Im Grunde könnte ich meinen Blogartikel von ein paar Wochen gleich nochmal veröffentlichen, nur dass statt es statt um Müller und Westfleisch diesmal um Tönnies geht. Jene Firma, die für 30 Prozent der in Deutschland geschlachteten Schweine steht. Und deren Chef noch im April beleidigt beklagt hatte, dass man hier jetzt unfairerweise eine Branche unter Generalverdacht stelle. Völlig zu Recht, wie sich nun zeigt.

Ich will hier jetzt gar nicht darüber lamentieren, dass ein Gewerbesteuerriese wie Tönnies offenkundig weniger streng zur Einhaltung von Regeln vergattert wird, als etwa Grundschulen, Kitas oder Gaststätten. Oder nochmal darüber, warum wir schon seit Jahren billigend in Kauf nehmen, dass Dreckarbeiten so miserabel entlohnt werden, dass das nur mit ausgebeuteten Wanderarbeitern funktioniert. Ich möchte lieber darüber nachdenken, was wir heute sofort dagegen tun können. Denn das ist eigentlich ziemlich einfach: So etwas nicht kaufen!

Staatlich geduldete Rechtsbrüche

Ich fürchte, dass wir uns bei der Beseitigung dieser Missstände nicht auf die Politik verlassen können. Da sind die Zustände in deutschen Schlachthöfen nur ein Beispiel. Ein anderes sind die Zustände in den Ställen, wo jene Tiere erzeugt werden, die Tönnies und Co später zu Schnäppchengrillgut verwursten. Am 29. Mai hat Bundeslandwirtschaftsministerin Julia Klöckner einen Entwurf vorgelegt, wie sie die Missstände in Sachen Kastenstandhaltung von Muttersauen abzustellen gedenkt. Nicht aus Einsicht, wohlgemerkt, sondern weil das Oberlandesgericht von Sachsen-Anhalt die herrschende Praxis als Verstoß gegen das Tierschutzgesetz gegeißelt hat. Dieser Entwurf klingt wie ein schlechter Scherz: 20 Zentimeter mehr Platz, und eine Übergangsfrist von 15 Jahren, die nochmal um 2 Jahre verlängert werden kann.

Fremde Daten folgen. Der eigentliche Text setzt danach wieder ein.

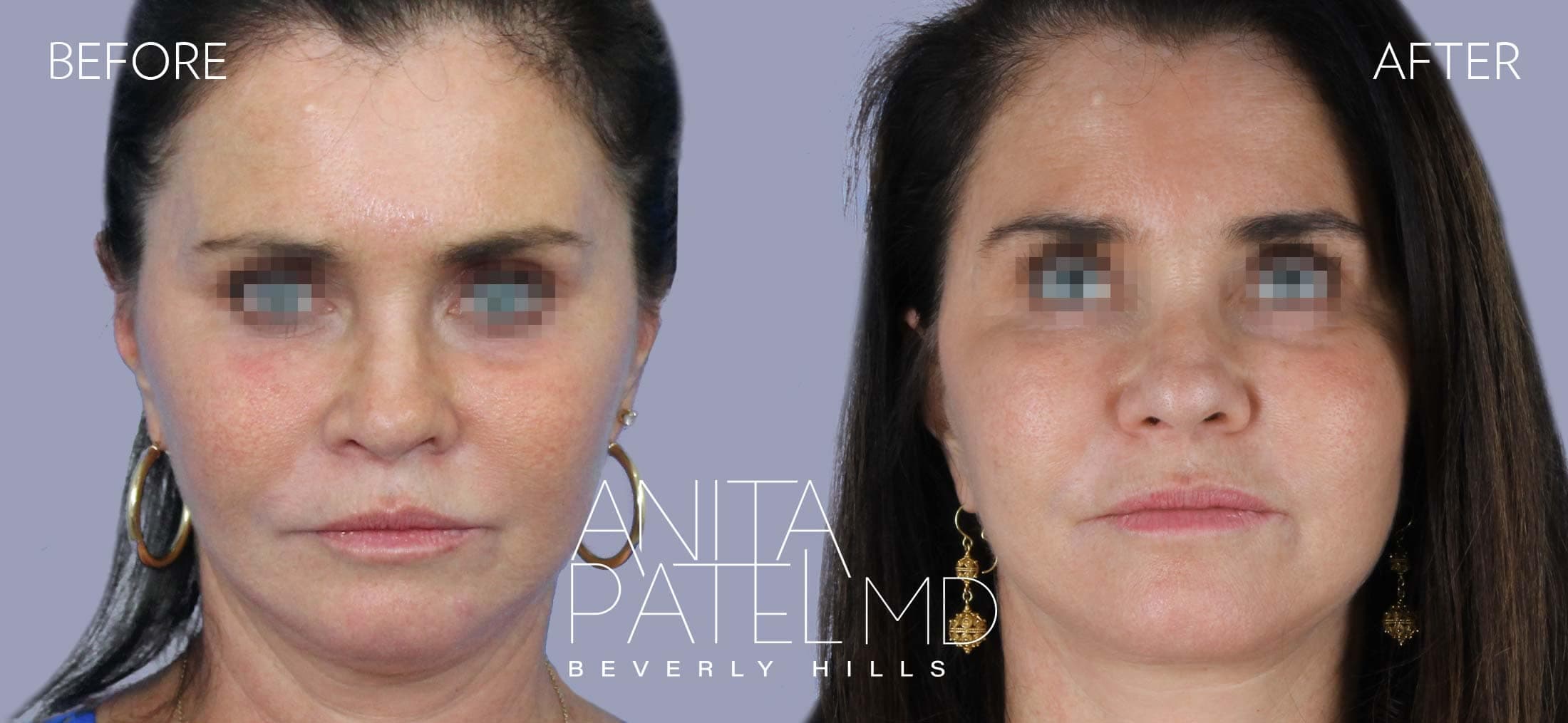Facelift before and after — Dr. Anita Patel, Beverly Hills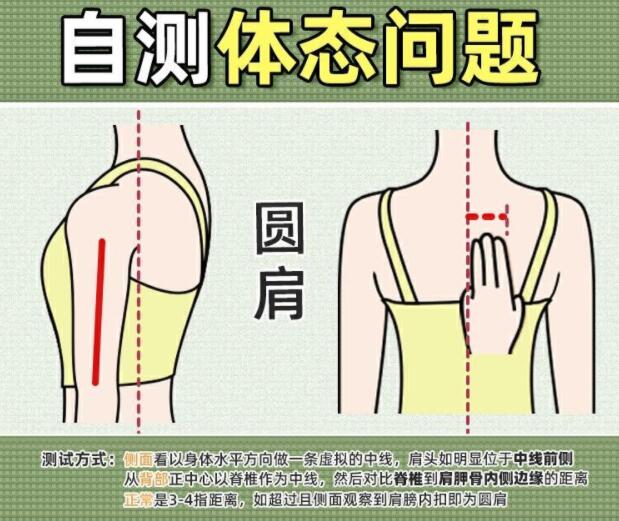 你真的是駝背嗎？廣西美容美體學(xué)校教你自測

Im Grunde würde es schon viel bringen, wenn unser Gesetzgeber darauf bestehen würde, dass die vorhandenen Gesetze eingehalten werden. Kastenstände, Ferkelkastration, Kükenschreddern, Schnäbelkupieren… alles Verstöße gegen das Tierschutzgesetz, die geduldet werden, weil nur so die industrieartige Massenproduktion von Billigfleisch möglich ist. Und ebenso hilfreich wäre es, wenn bei den Kosten viel konsequenter das Verursacherprinzip angewandt würde. Warum etwa zahlen Wasserkunden die Zeche für die Güllemassen, die insbesondere die großen Mastbetriebe erzeugen?

Wir sind die Kunden!

Unabhängig davon ob und wieviel Fleisch wir essen: Den wahren Preis des billigen Fleischs zahlen wir an vielen Stellen. Die Universität Augsburg hat vor zwei Jahren versucht, eine seriöse Kalkulation der tatsächlichen Kosten zu machen. Ihre Studie kommt zu dem Schluss, das konventionelles Fleisch 196 Prozent teurer sein müsste,  Ökofleisch immer noch 82 Prozent. Stattdessen werden diese Kosten über Steuern und Abgaben auf alle umgelegt. Das kann nicht in unserem Interesse sein.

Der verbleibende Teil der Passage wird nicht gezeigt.